Thursday, 9 March 2017

LOGAN - Review By Greg Klymkiw - Dreadfully Directed Action Scenes Drag Picture Down

It sure would be nice to see this grizzled mug in a real movie.

Logan (2017)
Dir. James Mangold
Scr. Mangold, Scott Frank, Michael Green
Starring: Hugh Jackman, Patrick Stewart, Boyd Holbrook, Stephen Merchant,
Richard E. Grant, Dafne Keen, Eriq La Salle, Elizabeth Rodriguez

Review By Greg Klymkiw

Logan is the best X-Men movie ever made, but that's not really saying much since all of them have been pretty unwatchable to date. This "final" installment in the long-running film series based upon the Marvel Comics adventures of crime-fighting mutants has one big thing going for it - star Hugh Jackman.

Living in hiding as an anonymous limousine driver in Texas, our title character is slowly dying from the adamantium coursing through his veins. His ability to heal from wounds is seriously affected by this. He's caring for the dementia-riddled telepath Charles Xavier (Patrick Stewart), who lives secretly in a dusty, rusting old factory just across the border in Mexico. Logan reluctantly becomes the chief protector of little girl Laura (Dafne Keen), a "wolverine" mutant just like he is. Pursued by the evil cybergenetic mutant Donald Pierce (Boyd Holbrook) and scumbag Transigen Corporation mad scientist Zander Rice (Richard E. Grant) and the mutant-tracking Caliban (Stephen Merchant), our three heroes hit the highways and byways of America in search of a mutant paradise called Eden (existing across the northern border in Canada, no less).

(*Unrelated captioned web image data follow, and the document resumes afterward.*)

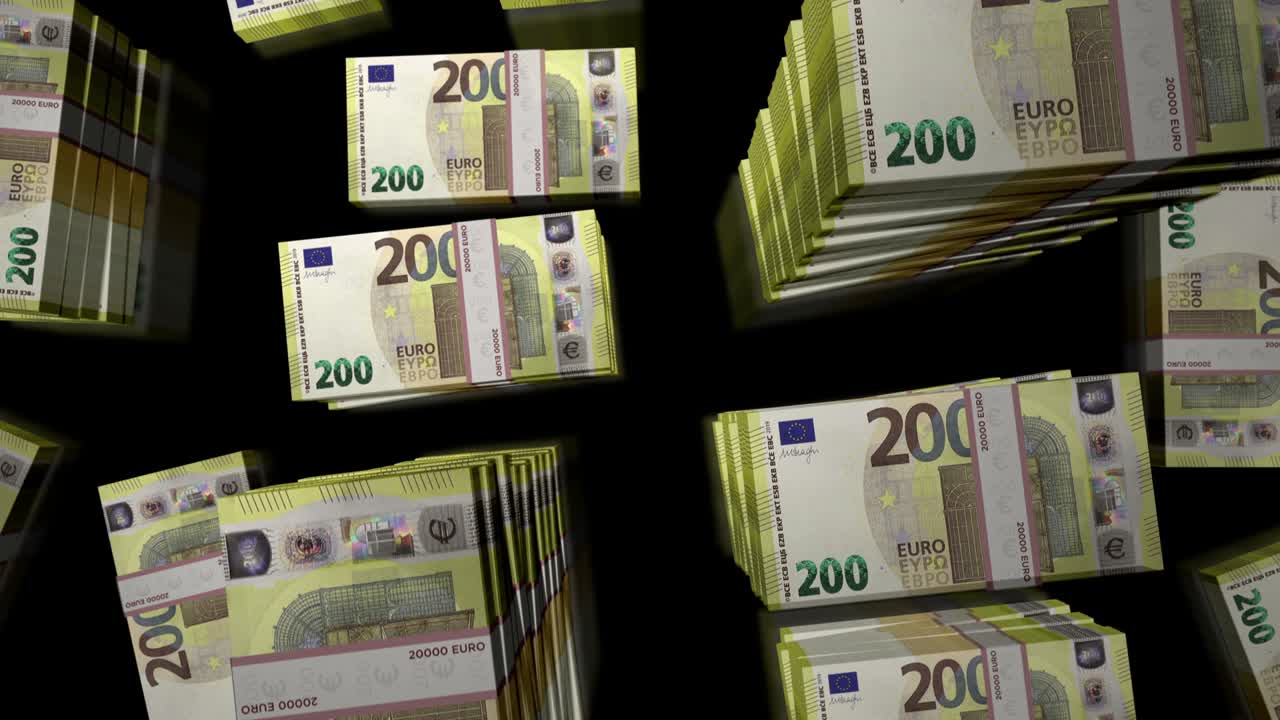 유로 화폐 위의 비행 (flight over the euro money banknote packs loop animation) 은 유로화폐를 는 을 나타내는 애니메이션이다.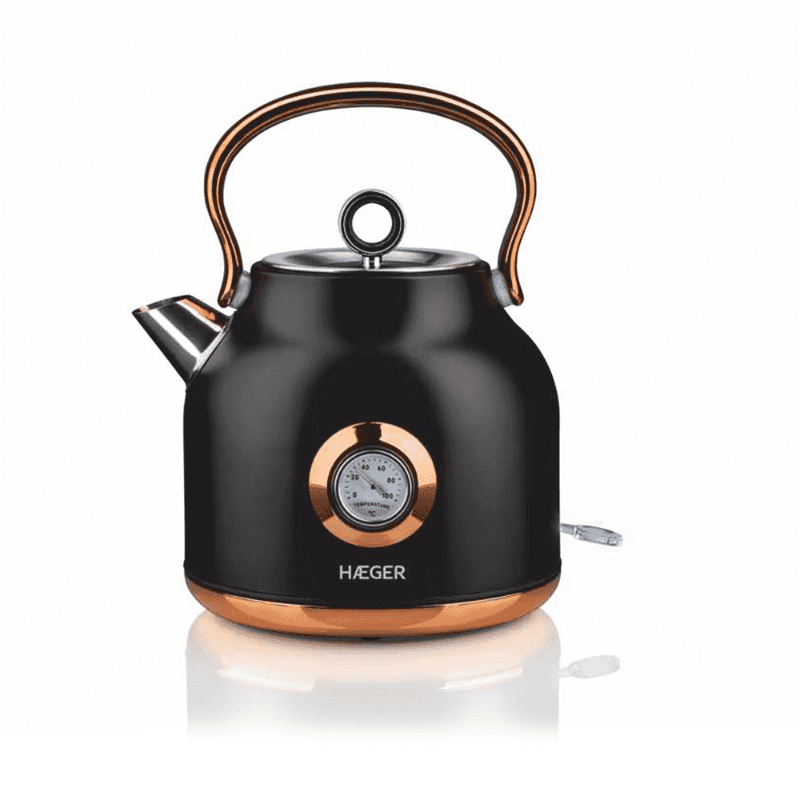 HERVIDOR ELECTRICO ART DECO 1.7L 2200W NEGRO INOX HAEGER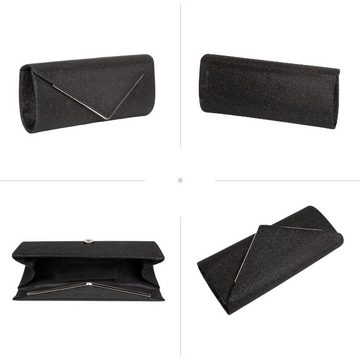 TAN.TOMI Schultertasche Clutch Damen, Glitzer Abendtasche Umhängetasche mit Abnehmbarer Kette, Glänzende, stylische Schultertasche mit abnehmbarer Kette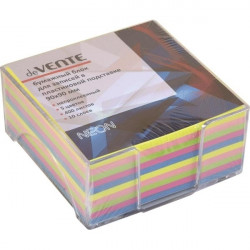 *Piezīmju papīrs kastītē deVente, 90x90mm, 400 lapas, neona krāsas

It's a road movie punctuated by several ultra-violent set pieces.

Cute little girl a baby Wolverine with deadly moves.

The picture isn't really any good - the action scenes are all directed mostly in closeups and medium shots with far-too-much herky-jerky camera moves and ADHD-infused editing and the script defies the most basic logic of the premise it sets up. Since Logan is all too aware that they're being meticulously tracked, it seems especially dopey that he allows himself, the old man and little girl to hunker down with an innocent farming family for an evening on the road to Mutant Mecca.

Surely he knows deadly harm will come to the family - and, of course, it does.

There isn't a single unpredictable moment in the whole narrative. Given the overwhelming portent of co-writer and director James Mangold's mise-en-scene, it's also obvious that Logan and Xavier are doomed. Given that it's a superhero movie and that more sequels and/or a reboot are just around the corner, it's also obvious that the little girl and a whole whack of her mutant kidlet friends will beat the bad guys and make their way to asylum in Canada.

The predictability factor in movies like this goes without saying, so it seems silly to dump on Logan just for that. What can receive a nice smelly turd-release is that the movie fails as a decent rollercoaster ride since Mangold simply has no talent for staging action scenes - all of which are a total mess. Given the astonishing craft of action movies like John Wick and its sequel, when will the studios realize they need to hire directors who know how to direct action? The math on this is pretty simple - long shots, longer takes, first-rate stunt work, a solid sense of geography and edits that are "story" influenced, not merely kinetic.

Well, the math might be simple, but it takes the cinematic equivalent to Einstein to pull it off with aplomb (something Mangold is bereft of). Not that previous X-Men helmsman Bryan Singer is God's Gift to cinema, but even he has certain basic skills to carry this sort of thing off with a relative degree of competence. What Singer lacks is anything resembling a distinctive voice. Mangold, for better or worse, has one - his pictures all have a dreariness to them that borders on, interesting (not really a compliment), but which tends to have some effect in his chamber pieces like Cop Land, his 3:10 To Yuma remake and even his first foray into X-Men territory The Wolverine. He's kind of like Christopher Nolan, but with far less in the way of pretension (and unlike Nolan, he occasionally displays something resembling a sense of humour - a bit dry, but it's there at least).

Logan does, however, have the estimable Hugh Jackman at its core. Jackman has genuine star power. The camera loves him and he's a much better actor than most of his films allow him to be. And Good God, the man is aging beautifully. Clint Eastwood has thirty years on the guy, but Jackman is giving that delicious old coot a decent run for his money in the brawny decrepitude department.

Someday, Jackman will star in a real movie. Maybe he will even play Clint Eastwood's son or baby brother someday. I look forward to that movie.

THE FILM CORNER RATING: ** Two-Stars

Logan is in wide release via 20th Century Fox.